:: EXERCISE GOAL ::
Transcribe exactly the lines below that begin at the line with "Legacy Lounge Console - Qarnation" and stop after the line with "1029 Lincoln Ave, Alameda, CA", leaving out every picture.

:: DATA EXTRACTS ::
• • • •

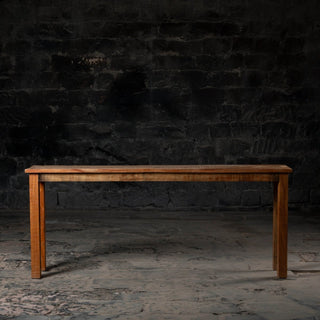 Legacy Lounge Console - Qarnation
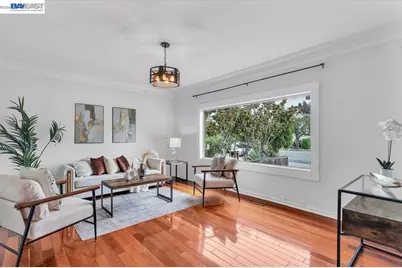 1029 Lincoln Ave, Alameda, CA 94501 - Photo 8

• • • •

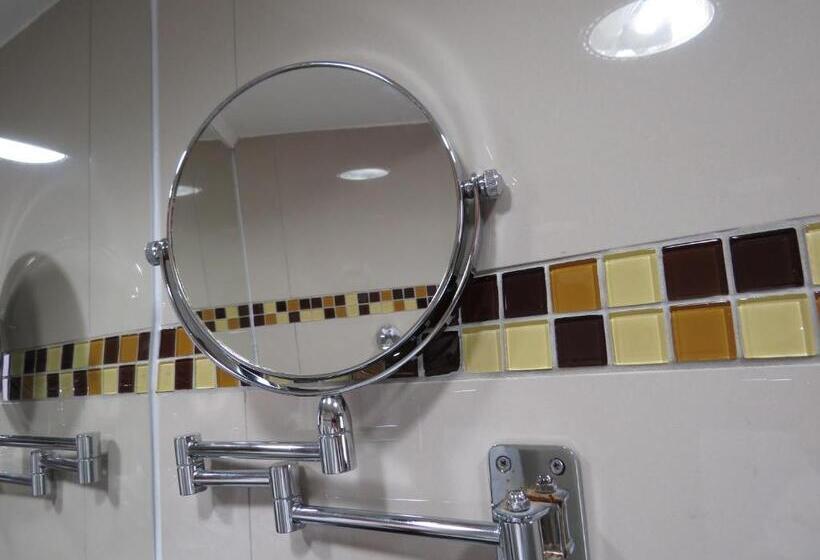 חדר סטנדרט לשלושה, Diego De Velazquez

• • • •

:: EXERCISE SOLUTION ::
 Legacy Lounge Console - Qarnation
 1029 Lincoln Ave, Alameda, CA 94501 - Photo 8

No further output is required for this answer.